Using the entries below, quote exactly the span of lines that begins with the line containing "wrought iron coffee table legs" and ends with the final line.

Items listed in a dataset
───
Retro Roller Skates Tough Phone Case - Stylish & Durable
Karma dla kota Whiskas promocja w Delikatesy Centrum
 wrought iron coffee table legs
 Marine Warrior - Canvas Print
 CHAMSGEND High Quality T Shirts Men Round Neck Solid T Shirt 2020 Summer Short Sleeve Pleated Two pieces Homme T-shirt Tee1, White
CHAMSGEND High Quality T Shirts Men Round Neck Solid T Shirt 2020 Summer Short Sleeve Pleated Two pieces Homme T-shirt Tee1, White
───
• [Solution]
 wrought iron coffee table legs
 Marine Warrior - Canvas Print
 CHAMSGEND High Quality T Shirts Men Round Neck Solid T Shirt 2020 Summer Short Sleeve Pleated Two pieces Homme T-shirt Tee1, White
CHAMSGEND High Quality T Shirts Men Round Neck Solid T Shirt 2020 Summer Short Sleeve Pleated Two pieces Homme T-shirt Tee1, White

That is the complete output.